• **Given data**
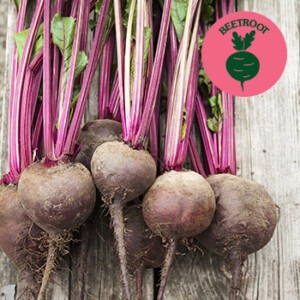 beetroot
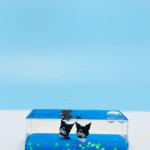 اکواریوم عروسکی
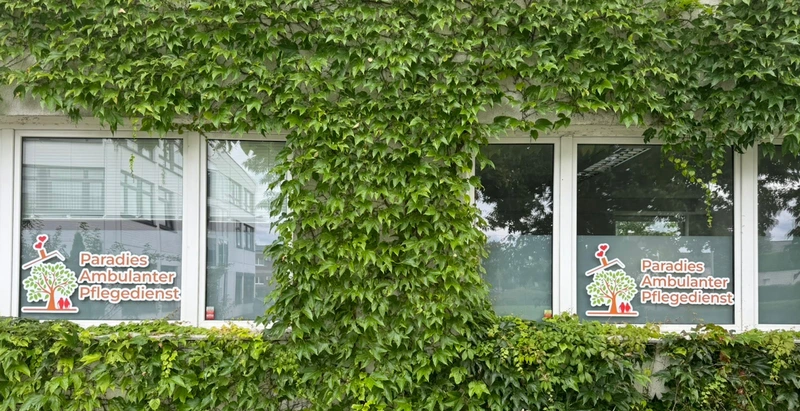 Paradies Pflegedienst Mohamad Al Shawi – Bild 1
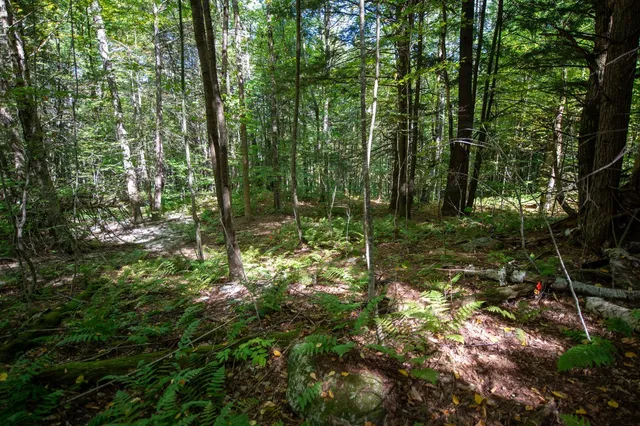 $74,000 | 0 Remington Road, Chester, VT 05143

• **Assignment**
Reproduce precisely the lines of the listing above, from the line containing "اکواریوم عروسکی" to the last line, both ends included. Pictures are to be omitted.

• **Solution for this exercise**
 اکواریوم عروسکی
 Paradies Pflegedienst Mohamad Al Shawi – Bild 1
 $74,000 | 0 Remington Road, Chester, VT 05143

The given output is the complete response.